Folha de S. Paulo


Reforma da Previdência: oposição retórica manipula o público

No mês passado, o ex-ministro Nelson Barbosa lembrou, em sua coluna na Folha, que a versão da reforma da Previdência que o governo Temer quer aprovar em fevereiro é bastante parecida com a reforma que seria apresentada pelo governo Dilma.

Em suas palavras: "As principais linhas da reforma devem ser a recuperação da receita do INSS, o aumento do tempo mínimo de contribuição, a fixação de idade mínima para a aposentadoria e, mais importante: o alinhamento entre as regras aplicáveis a trabalhadores do setor público e do setor privado. Tudo isso já fazia parte da proposta de reforma de Previdência em construção pelo Ministério da Fazenda no início de 2016."

Quem vê essa afirmação, publicada no maior jornal do país pela mais alta autoridade econômica do governo Dilma, pode ficar sem entender a dura oposição que o PT tem feito à reforma.

Tanto a administração Lula como a administração Dilma fizeram propostas para reformar a Previdência. A primeira delas, apresentada e implementada por Lula em 2003, equiparou as regras do regime dos servidores do setor público ao dos trabalhadores do setor privado.

Já a proposta de Dilma, que não chegou formalmente a ser apresentada devido ao processo de impeachment, tinha como objetivo o aumento do tempo de contribuição e a fixação de uma idade mínima.

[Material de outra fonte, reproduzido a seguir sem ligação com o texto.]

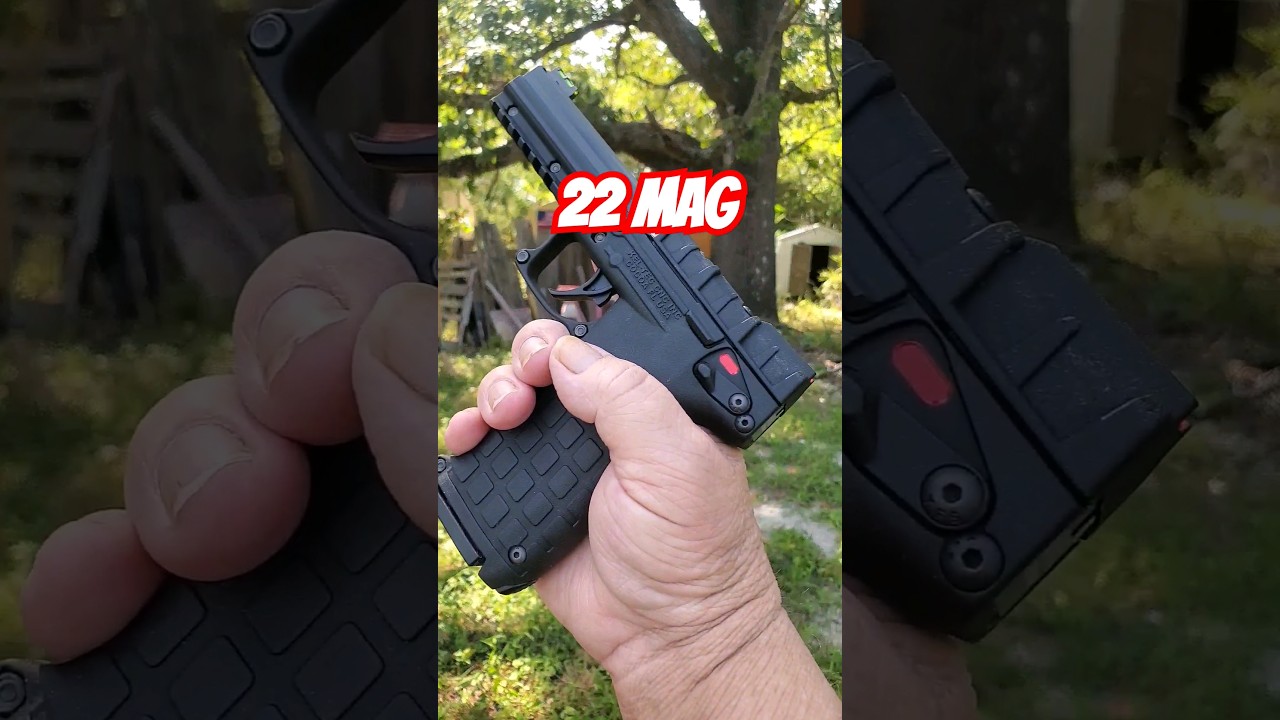 22-MAG PMR 30 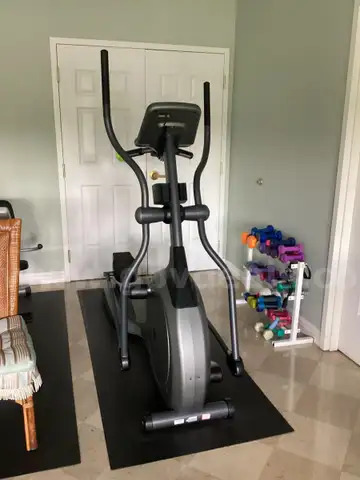 Stand Up Elliptical
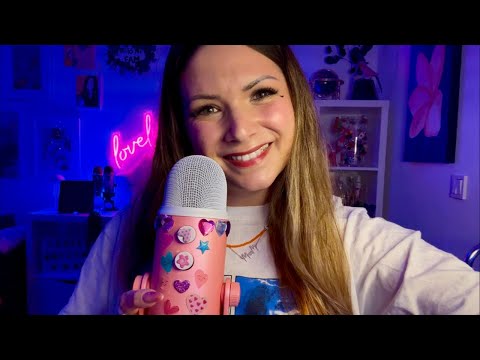 ASMR zusammen entspannen 💤 (1H LIVE)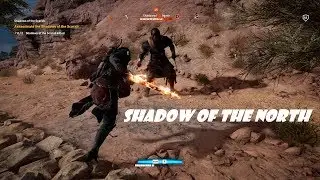 Assassin's Creed Origins - Shadows of the Scarab - Shadow of the North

Por que então, quando na oposição, o PT se esconde atrás do discurso de que não há deficit da Previdência e de que a reforma apenas retira direitos?

A resposta não é difícil de encontrar. Reformar a Previdência é impopular porque torna mais difícil ou reduz a remuneração da aposentadoria dos trabalhadores. Todos nós, quando atingirmos uma idade na qual não poderemos mais trabalhar, queremos ter direito a viver com dignidade, independência e segurança econômica. As reformas que têm sido propostas tornam essa expectativa de direito distante e incerta, despertando rejeição popular.

Essa rejeição dificilmente deixaria de ser utilizada por uma oposição que não carrega o ônus da responsabilidade do Poder Executivo. Por isso, vemos essa dualidade no tratamento do problema previdenciário quando a esquerda é governo e quando a esquerda é oposição.

Os efeitos dessa dualidade não são apenas incoerência e desfaçatez, mas também uma espécie de manipulação do público e uma alienação da cidadania que, enganada por um discurso de ocasião, vê reduzida sua capacidade de controlar as políticas.

Quando vamos discutir a Previdência, em vez de discutirmos as fontes dos recursos, o padrão de envelhecimento da população, a contração do trabalho formal e explorarmos as diferentes soluções –tanto as tradicionais, como as heterodoxas– ficamos em um debate vazio no qual a oposição utiliza argumentos que jamais levará em consideração quando estiver no poder.

E a imprensa, é preciso dizer, contribui para a pobreza do debate público quando, sob o pretexto de se concentrar nos atores "responsáveis", apresenta sem qualquer contraponto apenas a solução ortodoxa dos governantes de plantão.

Assim, a escolha das alternativas realistas e factíveis é deslocada para fora da esfera pública, para a negociação sem princípios entre os partidos, em combinação com as recomendações tecnocráticas dos especialistas –em todo caso, bem longe do espaço público no qual pode ser acompanhado e controlado pela cidadania.

Precisamos encontrar uma maneira de fazer esse debate de uma maneira responsável, na qual as respostas vazias e retóricas utilizadas para mobilizar a militância, não sejam, ao final, um meio pelo qual a legítima preocupação popular com a garantia da aposentadoria seja anulada e excluída do debate.